Created attachment 1332429 [details] failed MDS log Description of problem: MDS asserted while rejoining cluster. 2017-09-29 14:22:08.372504 7fd43ac3a700 0 -- 10.8.128.61:6800/2359662045 >> 10.8.128.58:6800/3613195149 conn(0x55e9fd8ed000 :6800 s=STATE_ACCEPTING_WAIT_CONNECT_MSG_AUTH pgs=0 cs=0 l=0).handle_connect_msg accept connect_seq 0 vs existing csq=0 existing_state=STATE_CONNECTING_WAIT_CONNECT_REPLY 2017-09-29 14:22:08.406067 7fd4384c0700 1 mds.1.10181 resolve_done 2017-09-29 14:22:08.409016 7fd4384c0700 -1 /builddir/build/BUILD/ceph-12.2.1/src/mds/MDCache.cc: In function 'void MDCache::handle_cache_rejoin_weak(MMDSCacheRejoin*)' thread 7fd4384c0700 time 2017-09-29 14:22:08.406215 /builddir/build/BUILD/ceph-12.2.1/src/mds/MDCache.cc: 4332: FAILED assert(mds->is_rejoin()) ceph version 12.2.1-2.el7cp (965390e1785cd23ffde159014f25f9490e479668) luminous (stable) 1: (ceph::__ceph_assert_fail(char const*, char const*, int, char const*)+0x110) [0x55e9f4316390] 2: (MDCache::handle_cache_rejoin_weak(MMDSCacheRejoin*)+0x16cf) [0x55e9f410ae9f] 3: (MDCache::handle_cache_rejoin(MMDSCacheRejoin*)+0x24b) [0x55e9f410f75b] 4: (MDCache::dispatch(Message*)+0xa5) [0x55e9f4114d85] 5: (MDSRank::handle_deferrable_message(Message*)+0x5c4) [0x55e9f3ffd624] 6: (MDSRank::_dispatch(Message*, bool)+0x1e3) [0x55e9f400af13] 7: (MDSRankDispatcher::ms_dispatch(Message*)+0x15) [0x55e9f400bd55] 8: (MDSDaemon::ms_dispatch(Message*)+0xf3) [0x55e9f3ff4f33] 9: (DispatchQueue::entry()+0x792) [0x55e9f45f9c12] 10: (DispatchQueue::DispatchThread::entry()+0xd) [0x55e9f439c5fd] 11: (()+0x7e25) [0x7fd43d712e25] 12: (clone()+0x6d) [0x7fd43c7f534d] NOTE: a copy of the executable, or `objdump -rdS <executable>` is needed to interpret this. Version-Release number of selected component (if applicable): ceph version 12.2.1-2.el7cp (965390e1785cd23ffde159014f25f9490e479668) luminous (stable) How reproducible: 1/1 Steps to Reproduce: Cluster was in degraded state. removed one OSD node(3 OSD daemon) from cluster and changed the replication size from 3 to 2 (min_size 1 & size 2), during degraded IO's did failover of MDS. Actual results: NA Expected results: NA Additional info: NA
probably mds state is still resolve, wanted_state is rejoin
Ignore my previous comment. Please upload log of mds.0
Created attachment 1334036 [details] mds.0 node logs. Attached mds.0 node logs.

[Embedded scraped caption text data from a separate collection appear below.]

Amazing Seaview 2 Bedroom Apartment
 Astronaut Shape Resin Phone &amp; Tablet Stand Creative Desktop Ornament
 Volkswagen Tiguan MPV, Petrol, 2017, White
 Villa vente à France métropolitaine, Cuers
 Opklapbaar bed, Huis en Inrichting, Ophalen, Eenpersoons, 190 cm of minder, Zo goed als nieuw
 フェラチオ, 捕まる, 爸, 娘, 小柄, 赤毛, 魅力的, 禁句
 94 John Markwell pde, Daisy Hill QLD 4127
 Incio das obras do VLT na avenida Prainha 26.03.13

yes. the mds got MMDSCacheRejoin message in unexpected state, so it killed itself. The unexpected message was sent from 10.8.128.58 (magna058). but it seems the log has been deleted.
Tried multiple times unable to reproduce the bug, For now moving the bug to closed state as "Works for ME". Will re-open the bug if mds assert reproduced.